Public wi-fi hotspots are more dangerous than you think

Is it Xfinity or AT&T ... or a malicious hacker pretending to be?

You've known for a long while now that there's an inherent security risk every time you go online, hence the near-constant warnings you hear about hackers, phishers, malware and other threats that literally didn't exist in your parents' day.

And you know that going online via any sort of free or public wi-fi hotspot is risky even by Internet-security standards, because that free network might be nothing more than bait offered by hackers seeking full access to any device connecting to it.

But you might not have known just how risky that free wi-fi access is — especially if you're a customer of Comcast or AT&T. Ars Technica tried a little experiment and the results should concern anybody who takes advantage of Comcast or AT&T's free offerings: “Millions of AT&T and Xfinity customers could be leaving themselves exposed to surreptitious hacking of their Internet traffic, exposing their personal data as a result.”

Here's a (very oversimplified) explanation of why: unless you specifically turn off that feature, or your device itself, your smartphone, tablet or other connectable device is always looking to connect with a familiar network.

Let's say you occasionally visit Starbucks to take advantage of their free wi-fi. So the next time you go there, your phone will automatically send out a signal, basically saying “Hey, Starbucks wi-fi, where are you?” and waiting for the electronic response “Here I am! Starbucks wi-fi, now connecting with you.”

But it's very easy for anyone to set up a wireless hotspot to respond under a false name: “Here I am!

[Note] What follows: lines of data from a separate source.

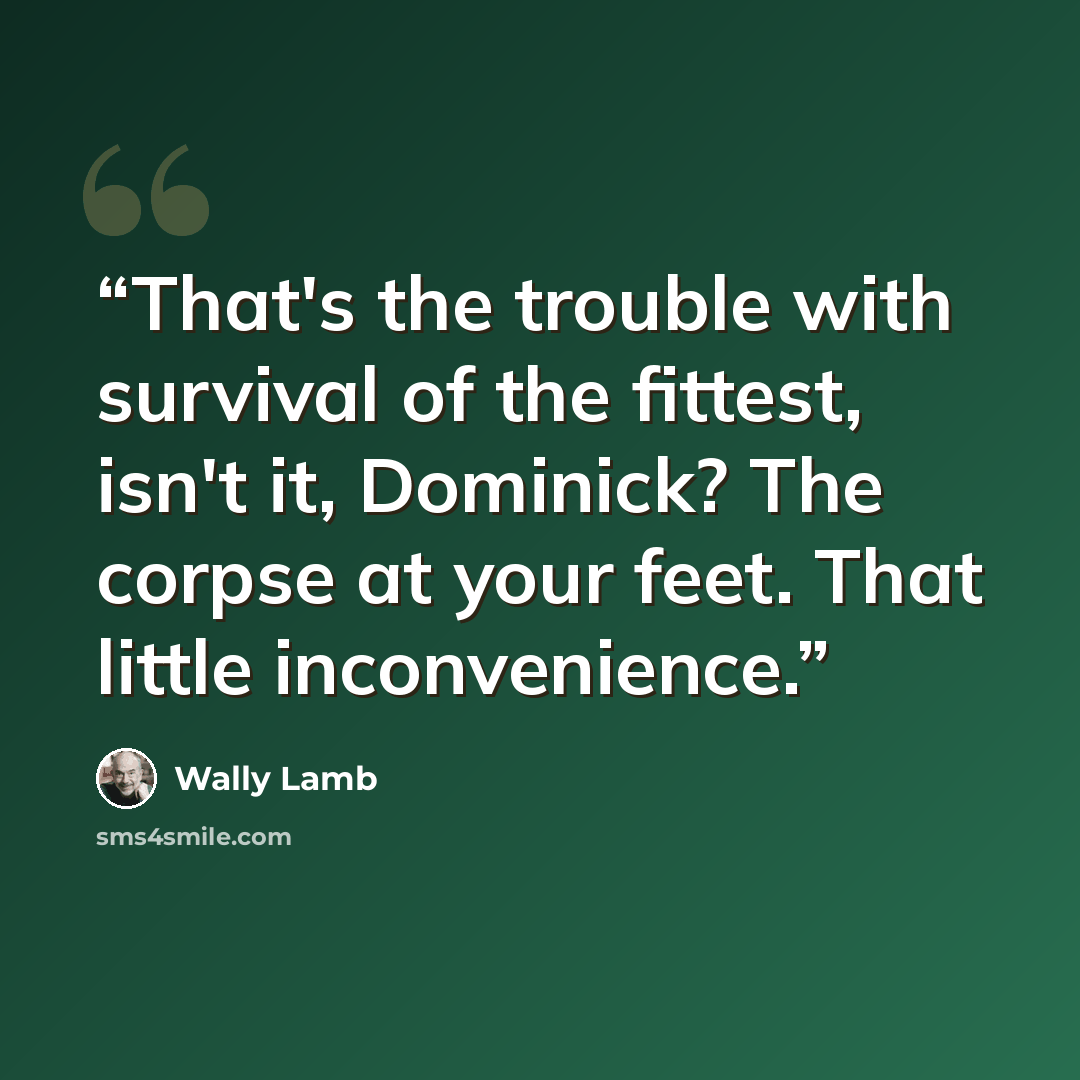 “That's the trouble with survival of the fittest, isn't it, Dominick? The corpse at your feet. That little inconvenience.” quote by Wally Lamb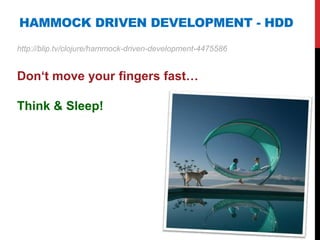 HAMMOCK DRIVEN DEVELOPMENT - HDD
http://blip.tv/clojure/hammock-driven-development-4475586


Don„t move your fingers fast…

Think & Sleep!
 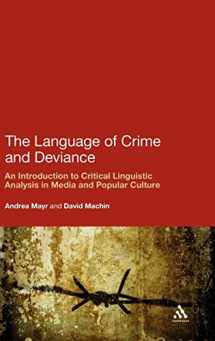 9781441158772-1441158774-The Language of Crime and Deviance: An Introduction to Critical Linguistic Analysis in Media and Popular Culture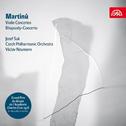 Martinu: Violin Concertos / Rhapsody-Concerto专辑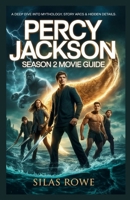 Percy Jackson Season 2 Movie Guide: A Deep Dive into Mythology, Story Arcs & Hidden Details. B0G5PD3WY4 Book Cover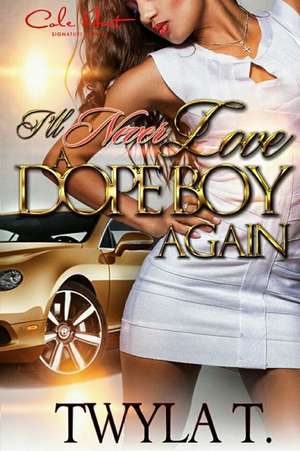 I'll Never Love a Dope Boy Again de Twyla T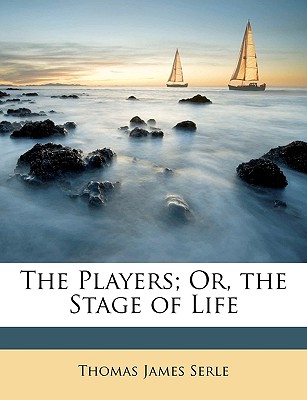 The Players; Or, the Stage of Life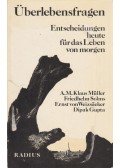 A. M. Klaus Müller,Friedhelm Solms,Ernst von Weizsäcker,Dipak Gupta - Überlebensfagen
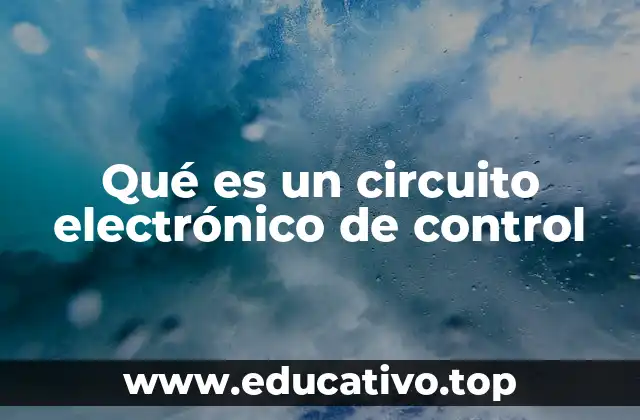Qué es un circuito electrónico de control
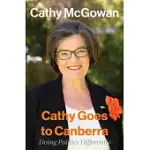 CATHY GOES TO CANBERRA: DOING POLITICS DIFFERENTLY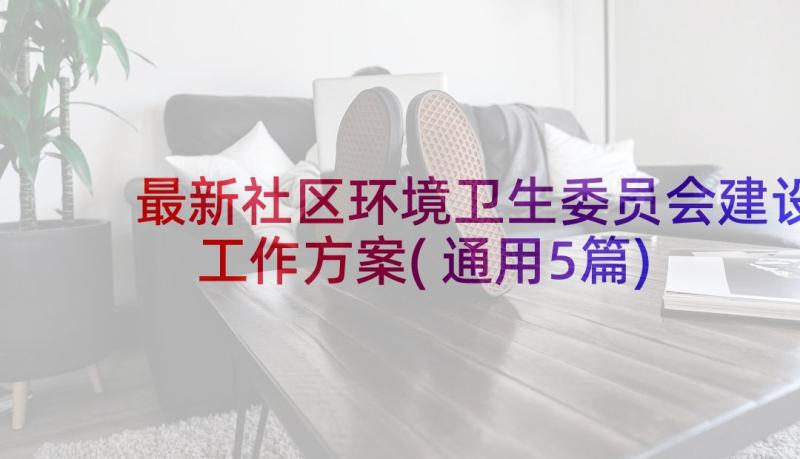 最新社区环境卫生委员会建设工作方案(通用5篇)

A hacker up to no good, but I told your phone I'm actually Starbucks wi-fi and now I'm connecting with you.”

That particular danger — that your devices might automatically connect to fake Starbucks or fake McDonald's or any other falsely labeled store-specific wi-fi hotspot — is easy to guard against: simply shut off the wi-fi connections on your mobile devices when you're not using them, set it so that it must ask before joining a mobile network.

How easy is it?

Ars Technica discovered just how easy it is for anyone with minimal knowledge and everyday equipment to set up as a wireless hotspot spoofing Xfinity or AT&T:

I set up my laptop as a Wi-Fi hotspot broadcasting the network name (SSID) “attwi-fi” (after alerting my neighbors, of course). After killing off the settings for my preferred networks on my iPhone, I turned on the Wi-Fi, and it connected to the fake “attwi-fi” hotspot without prompting.

When I killed the “attwi-fi” network after a few seconds, my iPhone promptly demonstrated the further risks of auto-connecting—it automatically reconnected with another network in the list of trusted networks on my phone: a hotspot called “xfinitywi-fi.” I had used an Xfinity hotspot while waiting for an appointment a few days earlier, and suddenly I was logged into a hotspot running on my neighbor’s cable modem.

Comcast’s Xfinity wireless hotspots present a Web page for login that requests a customer’s account ID and password, and each time you connect to a new hotspot it re-authenticates you. But if you’ve connected once during the day, the hotspot remembers your device and reconnects you without prompting.

This isn't a problem if your device is connecting to the legitimate Comcast or AT&T network, of course, but if it connects to a hacker-bait hotspot with a fake name, pretty much any data on that device is at risk.

Ars Technica pointed out that the security risk here does not come from the actual Comcast/Xfinity or AT&T wireless hotspots, but from the risk of connecting to fake ones. “AT&T’s and Xfinity’s networks are insecure in themselves. They are just common enough to give someone with evil in mind a way to cast a wide net for potential victims over Wi-Fi. The same tools I used to spoof Xfinity could be set to automatically respond to a victim’s phone as any Wi-Fi access point they’ve trusted.”

How can you protect yourself? No matter what type of mobile device you have, disable any and all auto-connect features in it. The minor inconvenience of taking a few seconds to “manually” connect your devices to wi-fi when necessary beats the major inconvenience of giving hackers access to every bit of confidential data on those devices.